In C’era Il Mare i fedeli lettori di Ervas ritrovano i personaggi che contornano la vita dell’ispettore Stucky, dai colleghi – chi alle prese con lo spagnolo, chi con lo hot yoga – alle sorelle, vicine di vicolo Dotti, Veronica e Sandra, passando per daij Cyrus, lo zio persiano, sempre pieno di risorse.

Ma le protagoniste del libro sono soprattutto Treviso e Marghera. I luoghi fisici e l’umanità diversa che le popola. Treviso borghese, distinta e nobile, forse venata da un velo di ipocrisia. Marghera proletaria, popolare e sanguigna, schiacciata dal passato e che forse, come l’ispettore, ha “perso il nord”.

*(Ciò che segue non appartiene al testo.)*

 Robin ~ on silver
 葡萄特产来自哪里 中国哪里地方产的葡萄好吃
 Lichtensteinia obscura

“però Marghera ha un’altra profondità. È stato il lavoro moderno scagliato, suo malgrado, contro la bellezza accumulata a Venezia, come se il tempo denso delle fabbriche volesse sconfiggere il suo passato, i lenti sedimenti del tempo stesso. O, più semplicemente, è l’esempio di come fare profitto troppo velocemente, senza visione, sia distruttivo”.

Fulvio Ervas, nato nell’entroterra veneziano e con famigliari e amici che hanno lavorato nei cantieri di Marghera, è un maestro nel restituirci gli scenari, le atmosfere, i retaggi ed anche gli odori di quel milieu, trasfigurando nel libro le sue passioni e raccontandoci un pezzo di Storia d’Italia, con uno stile schietto ma con tratti di grande lirismo.

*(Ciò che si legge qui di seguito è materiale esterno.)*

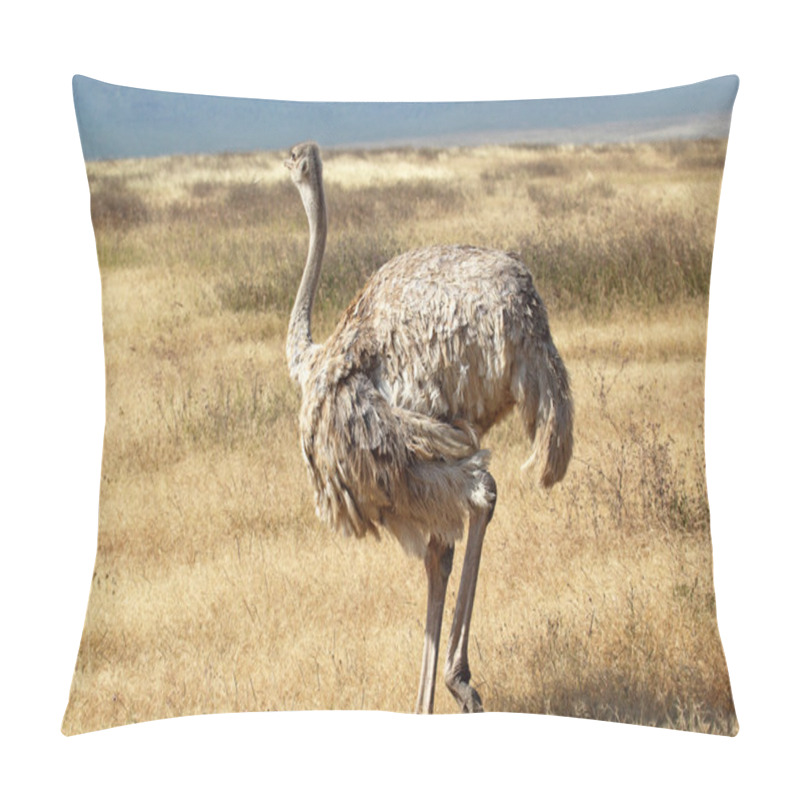 Personality  Female Ostrich Looking Around Pillow Covers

Spinoza, filosofo amato da un poliziotto collega della Bertelli, sosteneva che le azioni umane non vanno derise, compiante o detestate: vanno comprese. Un po’ come le inchieste, che talvolta sono soltanto sfasature temporali, inciampi.

Solo dopo aver preso coscienza di ciò, sarà più facile riallacciare i fili del mistero.